▶ **GIVEN RECORDS**:

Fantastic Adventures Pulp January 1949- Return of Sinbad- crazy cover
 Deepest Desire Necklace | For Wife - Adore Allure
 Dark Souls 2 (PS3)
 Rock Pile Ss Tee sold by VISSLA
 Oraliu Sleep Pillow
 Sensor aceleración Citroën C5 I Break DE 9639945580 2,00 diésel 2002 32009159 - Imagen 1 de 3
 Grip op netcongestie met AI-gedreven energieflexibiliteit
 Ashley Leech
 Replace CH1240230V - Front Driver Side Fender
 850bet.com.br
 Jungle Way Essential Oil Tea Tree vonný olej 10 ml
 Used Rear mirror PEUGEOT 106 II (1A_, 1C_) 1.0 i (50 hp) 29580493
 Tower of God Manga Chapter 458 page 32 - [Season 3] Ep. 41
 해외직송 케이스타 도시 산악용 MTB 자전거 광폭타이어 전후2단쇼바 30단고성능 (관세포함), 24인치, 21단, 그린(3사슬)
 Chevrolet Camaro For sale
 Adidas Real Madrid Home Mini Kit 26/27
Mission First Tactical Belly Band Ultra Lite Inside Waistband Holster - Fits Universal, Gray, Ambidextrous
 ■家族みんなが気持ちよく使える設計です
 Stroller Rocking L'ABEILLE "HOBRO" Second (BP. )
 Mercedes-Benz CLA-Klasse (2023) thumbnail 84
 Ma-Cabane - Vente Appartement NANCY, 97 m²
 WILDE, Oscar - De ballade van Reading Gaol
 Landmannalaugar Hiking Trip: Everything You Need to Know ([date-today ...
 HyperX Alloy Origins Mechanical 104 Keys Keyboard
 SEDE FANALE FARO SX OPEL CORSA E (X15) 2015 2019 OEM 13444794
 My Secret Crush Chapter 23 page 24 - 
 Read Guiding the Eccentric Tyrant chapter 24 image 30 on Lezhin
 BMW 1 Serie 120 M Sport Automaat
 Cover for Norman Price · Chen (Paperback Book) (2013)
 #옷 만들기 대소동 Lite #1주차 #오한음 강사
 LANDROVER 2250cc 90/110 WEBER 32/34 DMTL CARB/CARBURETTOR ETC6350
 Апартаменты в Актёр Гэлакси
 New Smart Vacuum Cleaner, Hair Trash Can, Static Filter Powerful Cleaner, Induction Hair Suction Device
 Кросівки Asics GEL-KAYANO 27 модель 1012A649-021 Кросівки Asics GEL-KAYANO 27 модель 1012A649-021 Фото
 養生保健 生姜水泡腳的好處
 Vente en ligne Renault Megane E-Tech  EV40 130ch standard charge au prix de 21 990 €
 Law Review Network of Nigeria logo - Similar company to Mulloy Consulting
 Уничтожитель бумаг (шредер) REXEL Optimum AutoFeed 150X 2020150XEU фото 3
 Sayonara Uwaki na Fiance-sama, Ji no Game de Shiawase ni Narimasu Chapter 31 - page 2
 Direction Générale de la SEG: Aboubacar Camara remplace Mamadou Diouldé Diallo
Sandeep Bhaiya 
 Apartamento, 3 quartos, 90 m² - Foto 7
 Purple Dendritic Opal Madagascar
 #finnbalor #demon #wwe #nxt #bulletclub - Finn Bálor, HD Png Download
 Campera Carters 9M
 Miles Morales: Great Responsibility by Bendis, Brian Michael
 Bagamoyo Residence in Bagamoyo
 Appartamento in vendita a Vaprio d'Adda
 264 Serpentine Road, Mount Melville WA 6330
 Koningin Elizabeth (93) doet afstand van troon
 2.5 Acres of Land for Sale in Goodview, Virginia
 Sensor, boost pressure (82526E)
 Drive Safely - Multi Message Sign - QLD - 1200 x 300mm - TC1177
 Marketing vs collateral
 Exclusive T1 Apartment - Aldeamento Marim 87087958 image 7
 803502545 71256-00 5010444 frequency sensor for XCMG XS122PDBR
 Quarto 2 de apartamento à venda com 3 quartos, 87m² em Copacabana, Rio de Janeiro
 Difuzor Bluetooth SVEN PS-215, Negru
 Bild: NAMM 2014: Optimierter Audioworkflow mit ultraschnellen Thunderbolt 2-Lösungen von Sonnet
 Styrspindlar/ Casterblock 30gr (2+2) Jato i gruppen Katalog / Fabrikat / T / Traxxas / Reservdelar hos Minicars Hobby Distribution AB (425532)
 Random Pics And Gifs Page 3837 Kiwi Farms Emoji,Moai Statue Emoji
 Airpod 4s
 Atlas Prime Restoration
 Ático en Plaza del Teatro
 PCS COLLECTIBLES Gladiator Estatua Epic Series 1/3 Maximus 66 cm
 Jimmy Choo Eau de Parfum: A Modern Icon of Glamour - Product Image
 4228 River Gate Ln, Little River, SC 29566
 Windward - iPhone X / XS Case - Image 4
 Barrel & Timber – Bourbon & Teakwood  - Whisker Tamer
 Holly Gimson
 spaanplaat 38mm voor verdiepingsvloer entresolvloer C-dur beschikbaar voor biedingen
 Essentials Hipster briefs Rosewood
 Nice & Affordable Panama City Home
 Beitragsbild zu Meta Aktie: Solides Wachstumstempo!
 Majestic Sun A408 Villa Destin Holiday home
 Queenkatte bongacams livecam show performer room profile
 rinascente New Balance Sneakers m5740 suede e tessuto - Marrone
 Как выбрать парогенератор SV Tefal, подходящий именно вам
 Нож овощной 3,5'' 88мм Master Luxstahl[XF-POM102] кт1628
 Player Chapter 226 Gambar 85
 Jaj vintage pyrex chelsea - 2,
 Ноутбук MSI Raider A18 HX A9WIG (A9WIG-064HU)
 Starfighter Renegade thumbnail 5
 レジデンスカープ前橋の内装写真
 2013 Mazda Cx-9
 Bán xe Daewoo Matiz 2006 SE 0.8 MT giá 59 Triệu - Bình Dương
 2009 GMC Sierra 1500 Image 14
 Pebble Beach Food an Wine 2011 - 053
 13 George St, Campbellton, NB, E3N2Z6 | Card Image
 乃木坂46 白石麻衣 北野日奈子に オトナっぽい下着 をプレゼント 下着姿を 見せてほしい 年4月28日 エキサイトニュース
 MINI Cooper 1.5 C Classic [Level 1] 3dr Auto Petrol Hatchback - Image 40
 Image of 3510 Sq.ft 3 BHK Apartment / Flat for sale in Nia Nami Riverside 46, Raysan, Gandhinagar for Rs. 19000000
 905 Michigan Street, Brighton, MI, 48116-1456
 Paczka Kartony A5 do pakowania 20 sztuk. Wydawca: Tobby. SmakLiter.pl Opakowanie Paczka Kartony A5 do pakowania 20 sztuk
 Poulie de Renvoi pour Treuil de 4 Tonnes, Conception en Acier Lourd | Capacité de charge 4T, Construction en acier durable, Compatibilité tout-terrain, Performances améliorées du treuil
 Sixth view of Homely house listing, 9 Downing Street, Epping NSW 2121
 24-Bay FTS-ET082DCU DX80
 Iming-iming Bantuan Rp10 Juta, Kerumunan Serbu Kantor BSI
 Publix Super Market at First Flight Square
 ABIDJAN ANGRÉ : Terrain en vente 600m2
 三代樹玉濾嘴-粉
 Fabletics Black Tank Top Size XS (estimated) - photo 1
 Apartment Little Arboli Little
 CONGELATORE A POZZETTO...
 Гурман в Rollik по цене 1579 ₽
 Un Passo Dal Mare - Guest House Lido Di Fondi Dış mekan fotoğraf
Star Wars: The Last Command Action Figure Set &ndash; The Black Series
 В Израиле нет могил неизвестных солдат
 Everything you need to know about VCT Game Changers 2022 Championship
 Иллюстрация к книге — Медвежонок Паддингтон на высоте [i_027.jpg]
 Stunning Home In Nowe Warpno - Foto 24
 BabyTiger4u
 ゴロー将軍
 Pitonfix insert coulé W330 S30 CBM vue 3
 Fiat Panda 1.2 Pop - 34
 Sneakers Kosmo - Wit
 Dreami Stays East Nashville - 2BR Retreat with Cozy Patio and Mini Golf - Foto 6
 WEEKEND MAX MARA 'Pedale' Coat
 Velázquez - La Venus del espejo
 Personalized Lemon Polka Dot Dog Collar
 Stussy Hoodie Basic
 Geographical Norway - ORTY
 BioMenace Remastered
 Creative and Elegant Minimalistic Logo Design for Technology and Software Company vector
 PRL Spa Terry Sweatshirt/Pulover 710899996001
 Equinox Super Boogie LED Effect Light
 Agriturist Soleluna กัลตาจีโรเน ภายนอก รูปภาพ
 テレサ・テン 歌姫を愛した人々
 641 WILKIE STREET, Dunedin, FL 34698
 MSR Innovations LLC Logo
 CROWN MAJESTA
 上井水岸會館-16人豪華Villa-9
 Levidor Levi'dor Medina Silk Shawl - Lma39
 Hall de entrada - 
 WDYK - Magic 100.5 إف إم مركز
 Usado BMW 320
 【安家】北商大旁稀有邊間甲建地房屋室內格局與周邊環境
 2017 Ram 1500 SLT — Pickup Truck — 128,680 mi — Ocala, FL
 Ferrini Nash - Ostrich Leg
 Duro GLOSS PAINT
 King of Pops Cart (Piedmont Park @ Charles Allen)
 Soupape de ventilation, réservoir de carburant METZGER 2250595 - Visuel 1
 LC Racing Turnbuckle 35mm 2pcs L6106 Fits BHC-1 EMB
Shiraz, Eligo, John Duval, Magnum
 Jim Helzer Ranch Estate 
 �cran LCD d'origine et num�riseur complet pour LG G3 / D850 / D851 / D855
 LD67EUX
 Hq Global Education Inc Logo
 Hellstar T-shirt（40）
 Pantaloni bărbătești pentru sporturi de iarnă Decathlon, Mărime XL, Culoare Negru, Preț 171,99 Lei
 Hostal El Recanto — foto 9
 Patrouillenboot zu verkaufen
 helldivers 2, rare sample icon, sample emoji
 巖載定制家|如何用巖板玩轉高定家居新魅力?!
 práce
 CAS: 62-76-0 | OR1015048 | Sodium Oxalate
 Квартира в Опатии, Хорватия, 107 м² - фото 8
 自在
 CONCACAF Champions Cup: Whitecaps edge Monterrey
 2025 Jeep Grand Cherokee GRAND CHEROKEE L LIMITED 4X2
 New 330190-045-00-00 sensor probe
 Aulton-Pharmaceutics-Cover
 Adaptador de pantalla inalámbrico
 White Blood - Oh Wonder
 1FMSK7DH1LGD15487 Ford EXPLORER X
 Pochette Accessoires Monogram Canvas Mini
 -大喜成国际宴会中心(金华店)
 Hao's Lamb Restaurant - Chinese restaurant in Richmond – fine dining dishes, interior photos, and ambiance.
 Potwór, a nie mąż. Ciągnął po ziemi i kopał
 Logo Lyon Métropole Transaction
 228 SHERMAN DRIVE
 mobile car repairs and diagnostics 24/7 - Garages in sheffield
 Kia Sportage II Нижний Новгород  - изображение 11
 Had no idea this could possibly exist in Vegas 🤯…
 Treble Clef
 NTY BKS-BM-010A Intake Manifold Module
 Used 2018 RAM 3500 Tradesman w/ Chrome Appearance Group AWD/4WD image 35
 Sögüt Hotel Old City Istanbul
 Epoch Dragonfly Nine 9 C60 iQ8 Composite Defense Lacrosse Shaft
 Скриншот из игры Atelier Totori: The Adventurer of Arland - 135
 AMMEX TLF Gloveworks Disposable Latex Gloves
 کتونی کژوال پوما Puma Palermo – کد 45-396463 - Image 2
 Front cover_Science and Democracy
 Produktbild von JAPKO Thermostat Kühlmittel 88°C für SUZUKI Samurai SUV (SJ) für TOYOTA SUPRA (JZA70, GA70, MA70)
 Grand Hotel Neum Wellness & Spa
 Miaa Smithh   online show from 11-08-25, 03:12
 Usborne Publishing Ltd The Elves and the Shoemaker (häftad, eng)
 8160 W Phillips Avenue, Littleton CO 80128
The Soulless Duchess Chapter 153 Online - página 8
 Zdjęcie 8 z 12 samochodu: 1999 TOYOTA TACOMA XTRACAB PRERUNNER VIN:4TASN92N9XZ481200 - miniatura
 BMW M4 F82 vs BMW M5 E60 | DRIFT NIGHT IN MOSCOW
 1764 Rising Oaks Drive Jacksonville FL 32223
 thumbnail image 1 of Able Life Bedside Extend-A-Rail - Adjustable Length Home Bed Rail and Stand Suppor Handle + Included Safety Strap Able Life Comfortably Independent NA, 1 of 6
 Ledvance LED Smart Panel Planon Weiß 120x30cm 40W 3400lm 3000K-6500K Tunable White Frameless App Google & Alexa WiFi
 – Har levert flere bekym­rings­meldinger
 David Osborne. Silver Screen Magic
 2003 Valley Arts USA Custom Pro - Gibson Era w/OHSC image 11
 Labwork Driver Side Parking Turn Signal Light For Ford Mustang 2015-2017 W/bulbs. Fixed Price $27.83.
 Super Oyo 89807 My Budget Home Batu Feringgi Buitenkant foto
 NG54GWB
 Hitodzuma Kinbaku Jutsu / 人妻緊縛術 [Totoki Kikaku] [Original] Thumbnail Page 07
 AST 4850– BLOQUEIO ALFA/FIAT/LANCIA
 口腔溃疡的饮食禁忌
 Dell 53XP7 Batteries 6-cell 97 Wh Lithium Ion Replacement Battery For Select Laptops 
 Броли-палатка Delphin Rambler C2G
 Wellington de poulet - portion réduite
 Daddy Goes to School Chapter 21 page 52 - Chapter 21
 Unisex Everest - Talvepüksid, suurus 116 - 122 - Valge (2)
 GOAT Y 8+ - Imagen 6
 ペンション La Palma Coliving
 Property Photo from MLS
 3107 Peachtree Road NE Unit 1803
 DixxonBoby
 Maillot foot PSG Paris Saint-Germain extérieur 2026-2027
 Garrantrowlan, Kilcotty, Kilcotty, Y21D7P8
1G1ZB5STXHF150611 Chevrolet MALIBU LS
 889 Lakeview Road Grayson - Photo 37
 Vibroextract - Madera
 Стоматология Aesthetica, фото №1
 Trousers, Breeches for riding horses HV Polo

▶ **THE PROBLEM**: How many lines in the data contain "Super"? Answer with the number alone.

▶ **ANSWER SECTION**: 3